▼▼▼

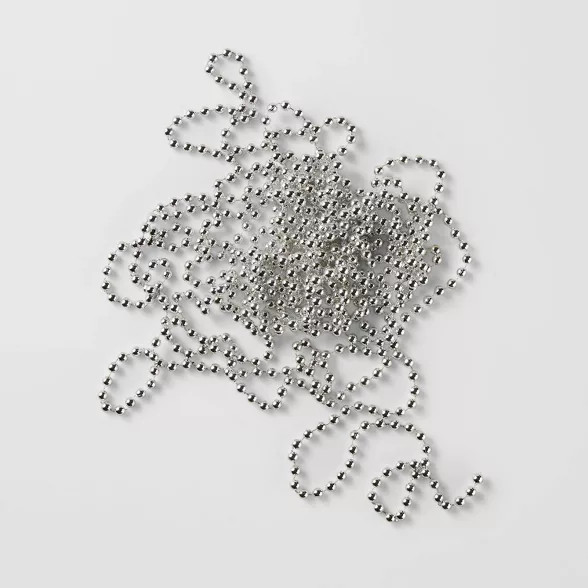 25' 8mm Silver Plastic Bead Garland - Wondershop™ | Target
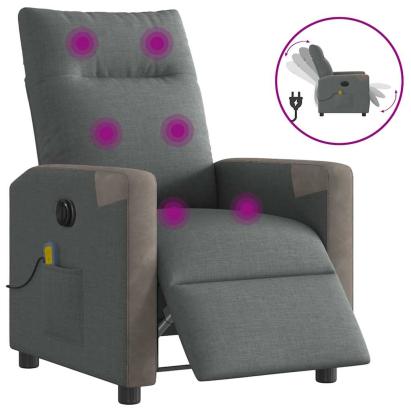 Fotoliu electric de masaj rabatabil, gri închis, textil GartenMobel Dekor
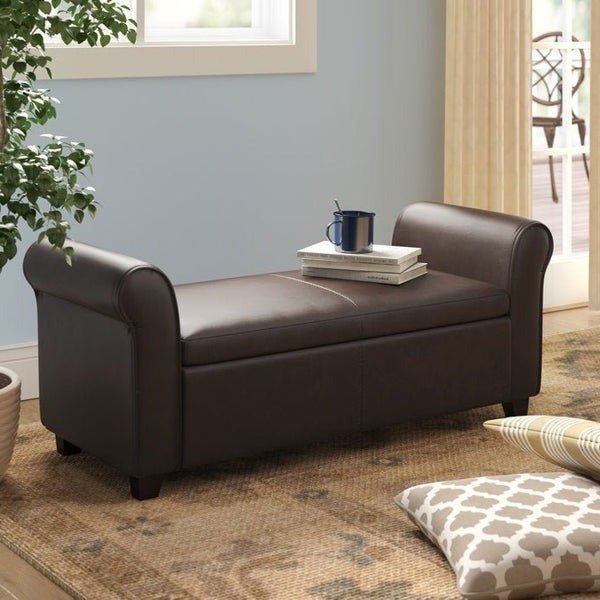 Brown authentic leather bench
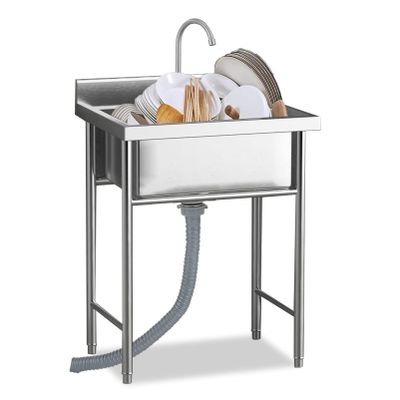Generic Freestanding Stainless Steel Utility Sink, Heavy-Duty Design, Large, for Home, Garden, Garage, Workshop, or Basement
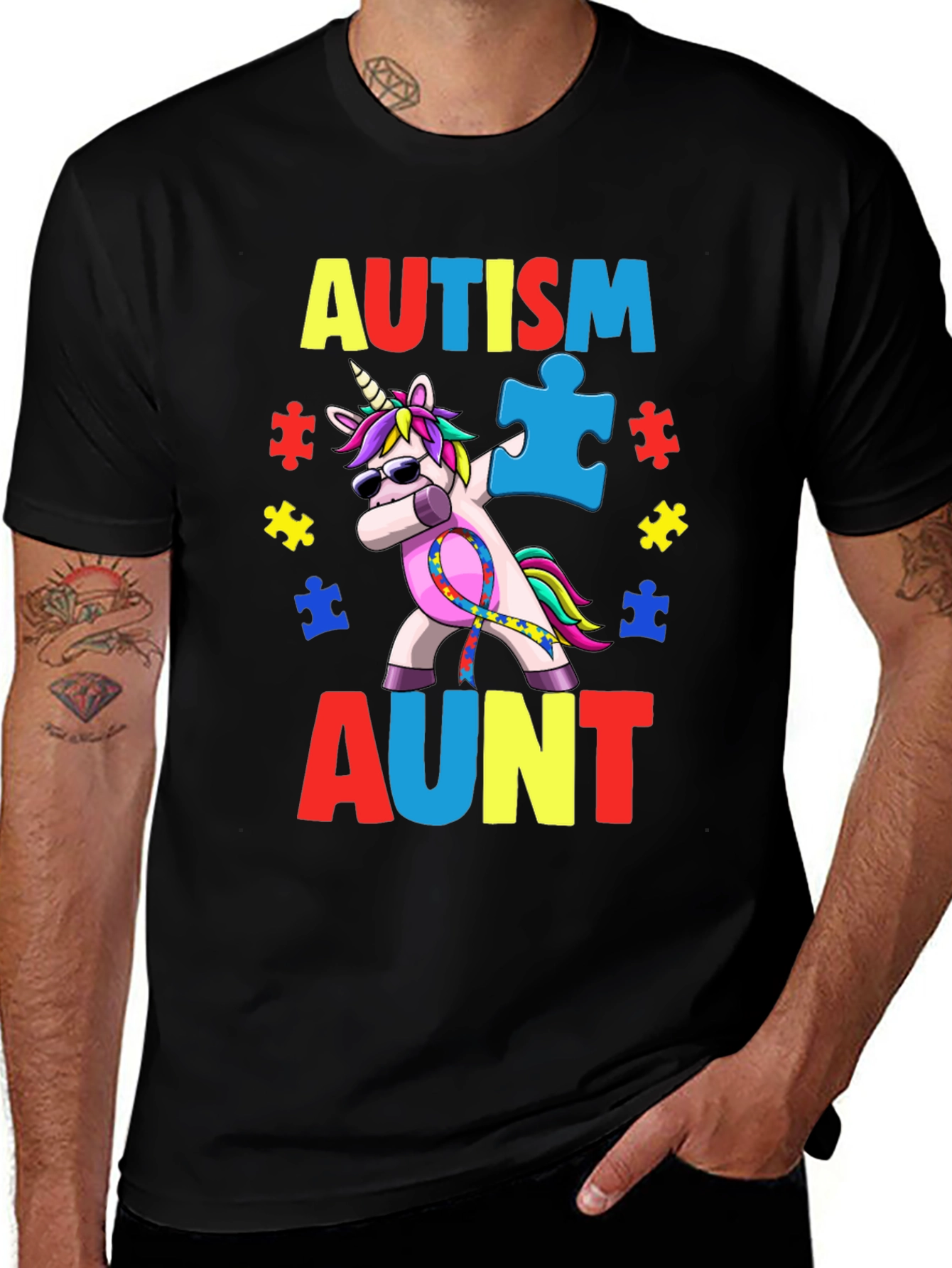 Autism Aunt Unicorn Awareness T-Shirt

▲▲▲

WHAT THE TASK REQUIRES = Pictures aside, every entry above must be repeated exactly.

TASK RESPONSE =
 25' 8mm Silver Plastic Bead Garland - Wondershop™ | Target
 Fotoliu electric de masaj rabatabil, gri închis, textil GartenMobel Dekor
 Brown authentic leather bench
Generic Freestanding Stainless Steel Utility Sink, Heavy-Duty Design, Large, for Home, Garden, Garage, Workshop, or Basement
 Autism Aunt Unicorn Awareness T-Shirt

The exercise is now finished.